**Data to use:**
──────────────────────────────
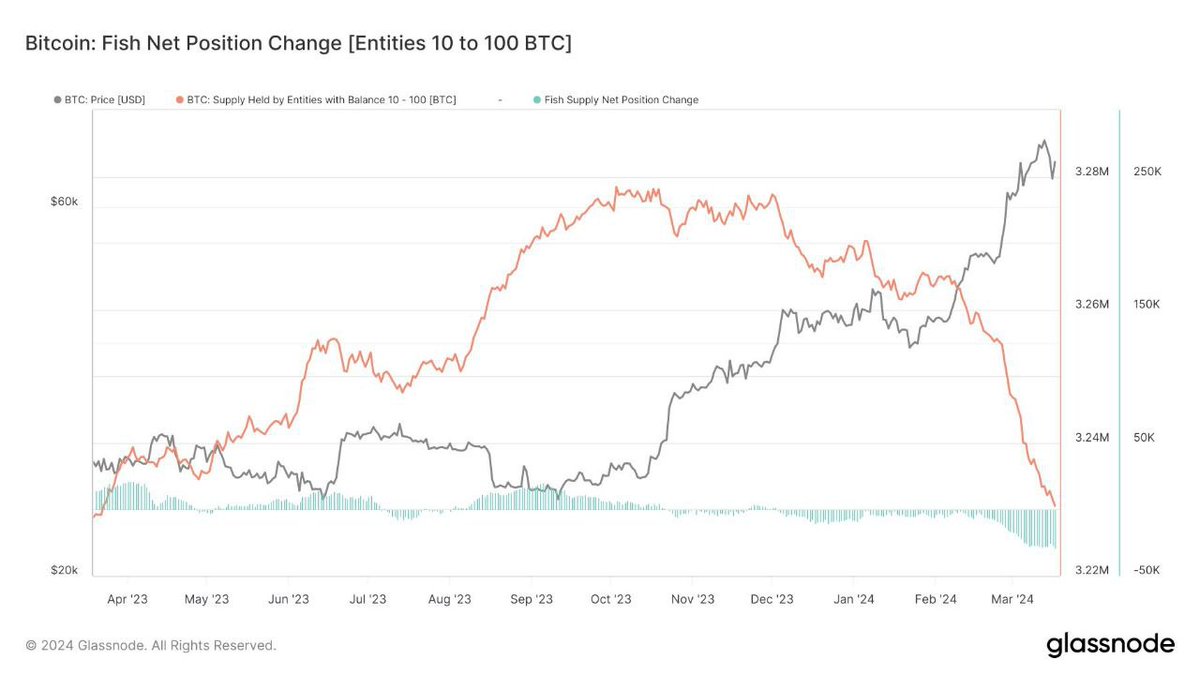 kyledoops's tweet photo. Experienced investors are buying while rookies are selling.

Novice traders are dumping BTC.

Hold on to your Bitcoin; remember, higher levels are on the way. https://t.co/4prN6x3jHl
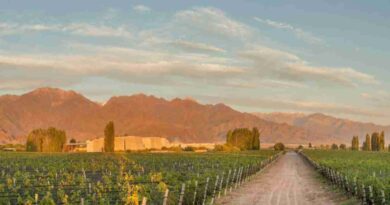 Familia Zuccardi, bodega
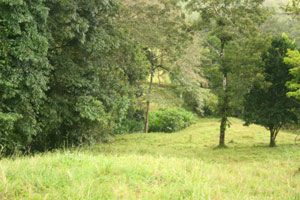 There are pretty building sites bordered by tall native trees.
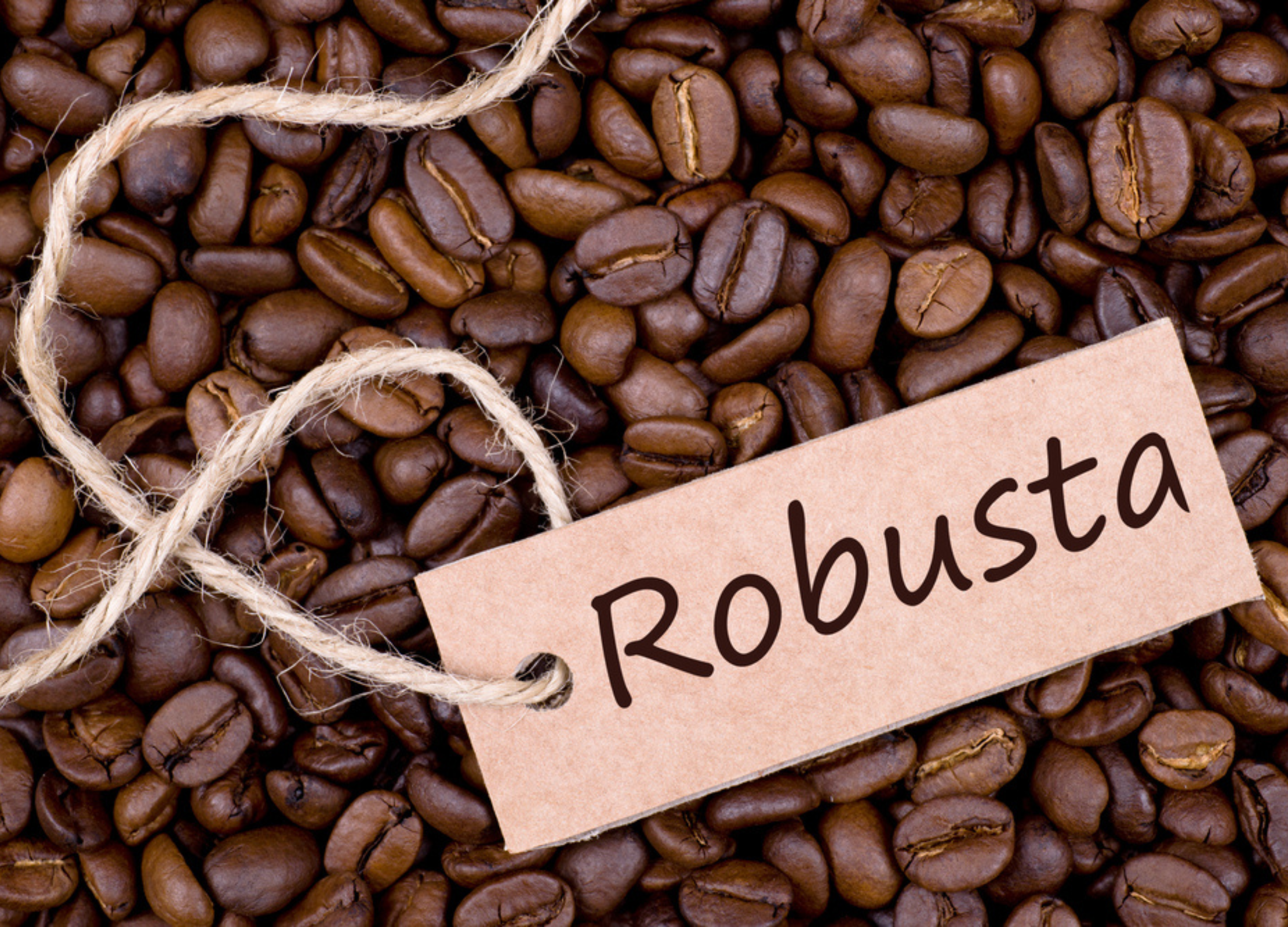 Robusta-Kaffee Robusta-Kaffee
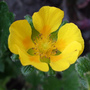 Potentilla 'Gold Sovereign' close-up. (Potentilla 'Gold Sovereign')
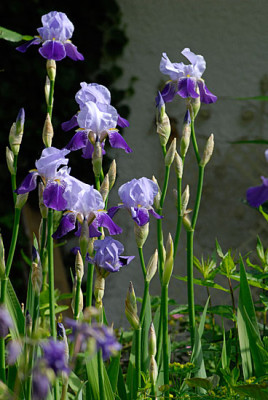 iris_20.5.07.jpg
──────────────────────────────
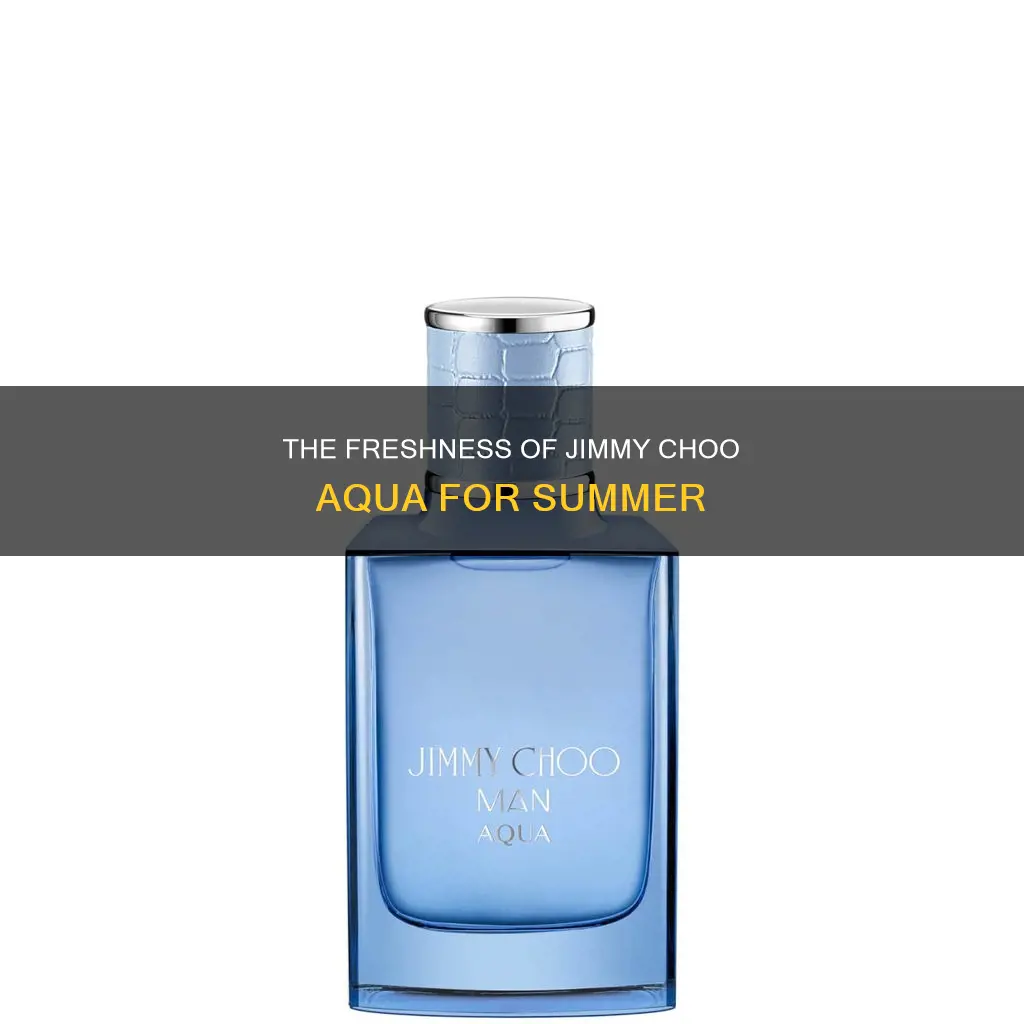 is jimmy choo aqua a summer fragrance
──────────────────────────────
**What you need to do:**
For this exercise, return exactly the lines above from the line with "There are pretty" through the line with "iris_20.5.07.jpg", both included. Do not copy the pictures.

**Exercise solution:**
 There are pretty building sites bordered by tall native trees.
 Robusta-Kaffee Robusta-Kaffee
 Potentilla 'Gold Sovereign' close-up. (Potentilla 'Gold Sovereign')
 iris_20.5.07.jpg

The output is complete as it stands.